How to Make Tofu Katsu
- Freeze your tofu. At least 24 hours in advance, freeze the block of tofu in its packaging. Once frozen, transfer the tofu to the refrigerator until it has completely defrosted.
- Drain and press tofu. This step is important to remove the excess moisture from the tofu and prevent your katsu from becoming soggy. To press tofu, you can either use a store-bought tofu press or use this method here.
- Prep your katsu breading station. In a medium bowl, whisk together the flour, cornstarch and salt. Then whisk in the water and mix until smooth. In a separate medium bowl, mix together the panko mixture.
- Cut the tofu into slabs. First, cut the pressed tofu block in half lengthwise. Then cut each halve in half lengthwise, resulting in 4 equal pieces.
- Dredge the tofu. One piece at a time, dip the tofu in the flour mixture until coated. Allow any excess to drop off, then place directly in the panko mixture and coat completely. Once ready, place the tofu katsu on a wire rack. Repeat with all 4 pieces.
- Heat oil for pan frying. Heat 1-inch of oil in a large pan over medium heat until about 350 degrees F. If you do not have a deep frying thermometer, test to determine if the oil is hot enough by carefully tossing a piece of panko in. If it immediately sizzles and floats, the oil is ready.
- Fry tofu katsu until golden. Fry each breaded tofu piece for about 2 minutes on each side or until golden brown and crispy. Once ready, remove the katsu from the oil and place it on a paper towel-lined plate. Immediately season with a pinch of salt while hot.
- Serve. Slice and serve immediately with Japanese curry and rice.
*Jump down to the recipe for full measurements and instructions.
What Happens to Tofu When You Freeze it?
When Chris and I first went vegan, we were convinced we did not like tofu. It seemed bland, watery, and didn’t taste anything like the chicken recipes we grew up with. But after time, we learned the best ways to cook tofu, which quickly became a staple in our diet.
If this sounds familiar and you’re ready to give up on tofu, you’ve got to try this simple freezing tofu trick! Tofu is made from crushed and boiled soybean pulp and is naturally high in water content. When you freeze blocks of tofu, the water pockets in the tofu turn to frozen ice. As you defrost the tofu, these frozen water pockets melt out of the tofu, leaving air pockets in their place.
This makes the tofu spongy, chewy, and much more chicken-like in texture. Perfect for recipes like this tofu katsu and Grilled Tofu Skewers. It also makes it much easier to quickly press the water out of the tofu.
Basic rules for pan frying safely
Frying at home is simple, but there are a few safety guidelines to keep in mind to prevent fire or serious injury.

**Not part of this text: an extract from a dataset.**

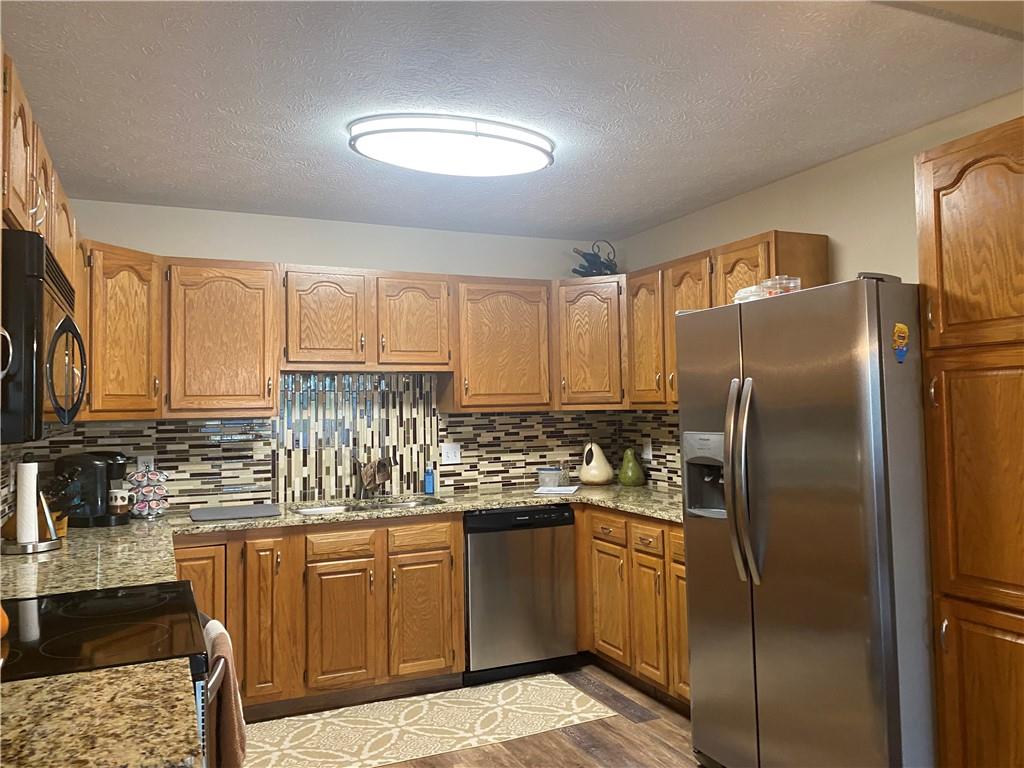 725 Rollinson Road Hermitage, PA 16148 - Photo 8 of 26 a kitchen with stainless steel appliances granite countertop a refrigerator sink and cabinets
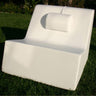 Vibe massage pillow resting at the head of a white La Fête lounge on a lawn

- Use a deep cooking vessel. If your frying pans are rather shallow, fry in a deep pot instead. This will help prevent oil from flowing over the sides and causing a fire.
- Never leave the hot oil unattended. Many recipes, like soups and stews, are safe to allow simmer on low without constant attention, but never leave items frying in oil unattended.
- Use tongs or a slotted spoon to gently place tofu in hot oil. This will prevent splashing. Similarly, always remove the tofu with a slotted spoon or tongs for safety.
- Avoid putting hot oil down the sink. This can damage your pipes or cause the drains to back up. The best way to dispose of frying oil is to allow it to cool completely, then transfer it to a bottle. This can then be thrown away or reused for additional frying recipes like Filipino Banana Cue, KFC Copycat Fried Chicken, or Ecuadorian Fried Cheese Empanadas.
As with most fried foods, tofu katsu is best enjoyed immediately while hot and crispy. If you have leftovers, they can be stored in an airtight container in the refrigerator for 1-2 days. Reheat in a dry pan or air fryer until warm and crispy again.